2. Plaintiff was employed by Defendant until her termination on August 3, 2022. Plaintiff alleges that she was discriminated against based on her race, color, sex, religion, national origin, and age. Plaintiff attached to her complaint a 71-page, single-spaced list of alleged improprieties engaged in by her coworkers and others. Plaintiff’s grievances are organized by date and appear to span the entire length of her employment with Defendant. Many of the allegations do not suggest any kind of discrimination, for example, Plaintiff’s complaint about not being given an adequate flashlight and complaints about her coworkers being late for work. The allegations in the attachment often contain labels and bald assertions of “discrimination” and “sexual harassment,” but there are not sufficient facts pleaded that would allow the Court to assess whether those allegations are plausible. Plaintiff also attached exhibits to her complaint that indicate that, within weeks of her termination, Plaintiff filed for and was found eligible for unemployment insurance benefits by the Delaware Department of Labor (DDOL). (D.I. 2-1.) Plaintiff apparently filed an EEOC complaint, which was also investigated by DDOL, but the record does not contain DDOL’s findings. The exhibits attached to the complaint do reflect that Plaintiff received a right to sue letter dated October 23, 2023, from the Equal Employment Opportunity Commission (EEOC), which “adopted the findings” of the DDOL. ( Id. )

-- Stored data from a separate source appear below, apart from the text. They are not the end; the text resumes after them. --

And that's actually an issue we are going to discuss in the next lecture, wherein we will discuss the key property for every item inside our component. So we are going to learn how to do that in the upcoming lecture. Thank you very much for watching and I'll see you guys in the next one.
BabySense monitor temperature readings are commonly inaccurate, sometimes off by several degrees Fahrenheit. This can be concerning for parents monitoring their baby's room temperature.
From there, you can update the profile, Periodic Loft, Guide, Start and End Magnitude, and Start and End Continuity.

3. A federal court may properly dismiss an action sua sponte under the screening provisions of 28 U.S.C. § 1915(e)(2)(B) if “the action is frivolous or malicious, fails to state a claim upon which relief may be granted, or seeks monetary relief from a defendant who is immune from such relief.” Ball v. Famiglio , 726 F.3d 448, 452 (3d Cir. 2013) (quotation marks omitted). The Court must accept all factual allegations in a complaint as true and take them in the light most favorable to a pro se plaintiff. See Phillips v. County of Allegheny , 515 F.3d 224, 229 (3d Cir. 2008). When a plaintiff proceeds pro se , the pleading is liberally construed, and the complaint, “however inartfully pleaded, must be held to less stringent standards than formal pleadings drafted by lawyers.” Erickson v. Pardus , 551 U.S. 89, 94 (2007).

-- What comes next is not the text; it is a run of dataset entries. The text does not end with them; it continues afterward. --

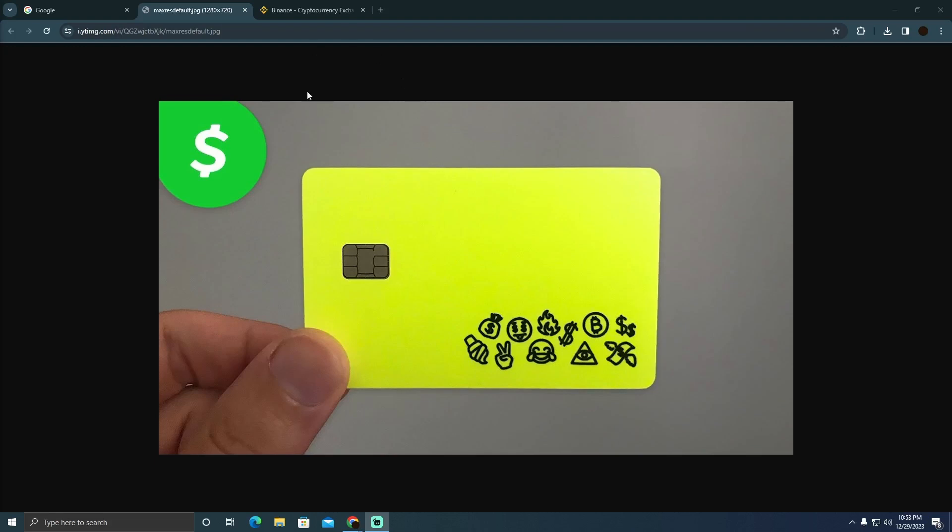In order to do that, you simply have to own a Cash App card. Now this is the Cash App card. How can you use it to buy Bitcoin?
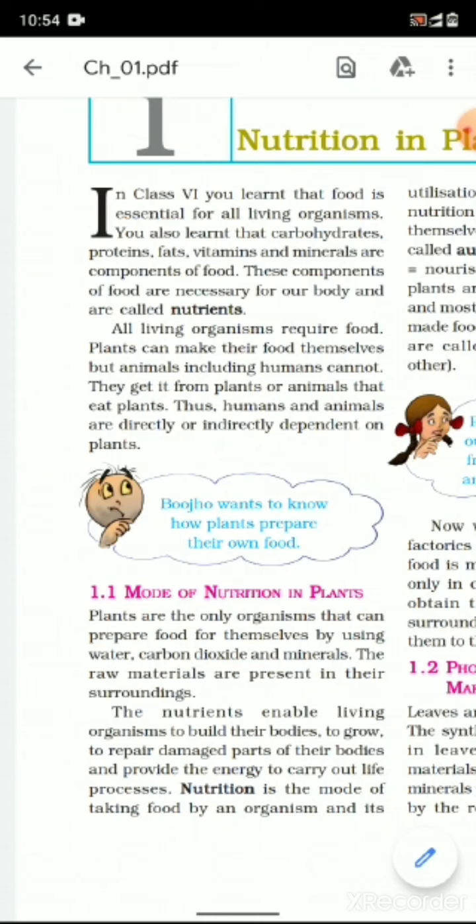All living organisms require food. Plants can make their own food themselves, but animals including humans cannot. They get it from plants or other animals. Thus humans and animals are directly or indirectly dependent on plants.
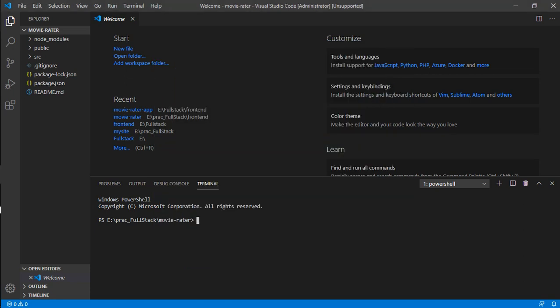Let's start with the front-end part in React. The first thing you need to do is install Node.js on your PC. After that, run 'npx create-react-app' followed by the name of the app — for example, 'movie-data'. When you enter this command it does a bunch of processing and creates the file structure for you.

4. Even when liberally construing Plaintiff’s pleading and viewing the complaint in the light most favorable to Plaintiff, the complaint fails to state a claim. Without a clear and concise statement of facts regarding who specifically is alleged to have discriminated against Plaintiff and what specifically they did that gives rise to an inference of discrimination, the Court cannot conclude that Plaintiff’s discrimination claims are plausible. The Court cannot credit the complaint’s bald assertions and legal conclusions in the absence of supporting factual allegations. [1]

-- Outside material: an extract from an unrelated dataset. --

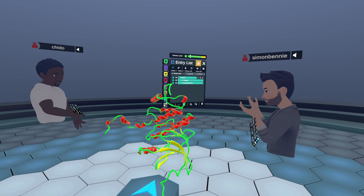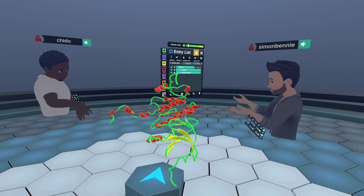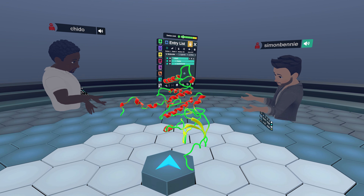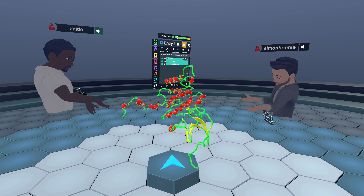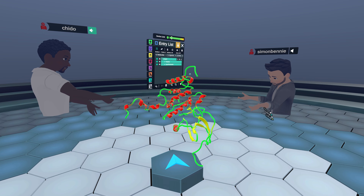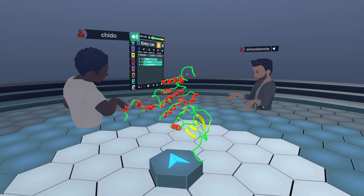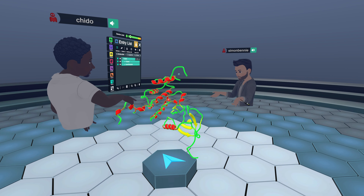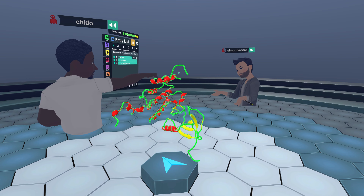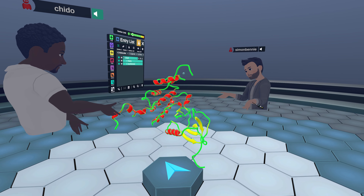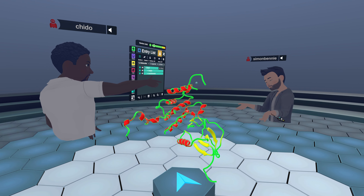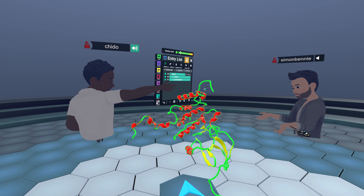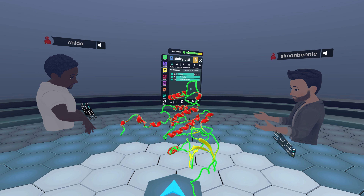Welcome back, Chido — and there we go, that's definitely a kinase in front of us. That's an APO structure, as you can see, with just this counter ion here — that's the magnesium.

5. For the above reasons, the complaint fails to state a claim and is therefore DISMISSED pursuant to 28 U.S.C. § 1915(e)(2)(B)(ii). Plaintiff is given leave to amend to fix the deficiencies within 14 days. Any amended complaint shall be filed on or before April 28, 2025. The case will be closed should Plaintiff fail to timely file an amended complaint. Dated: April 14, 2025
The Honorable Jennifer L. Hall United States District Judge
NOTES
[1] To plead employment discrimination under Title VII, Plaintiff must allege facts plausibly suggesting that (1) she is a member of a protected class, (2) she was qualified for the position in question, (3) she suffered an adverse employment action, and (4) the adverse action occurred under circumstances giving rise to an inference of discrimination. See McDonnell Douglas Corp. v. Green , 411 U.S. 792, 802 (1973); see also Sarullo v. United States Postal Serv. , 352 F.3d 789, 797 (3d Cir. 2003). For age discrimination, Plaintiff must plausibly plead that (1) she is over forty, (2) she is qualified for the position in question, (3) she suffered from an adverse employment decision, and (4) her replacement was sufficiently younger to permit a reasonable inference of age discrimination. Hill v. Borough of Kutztown , 455 F.3d 225, 247 (3d Cir. 2006).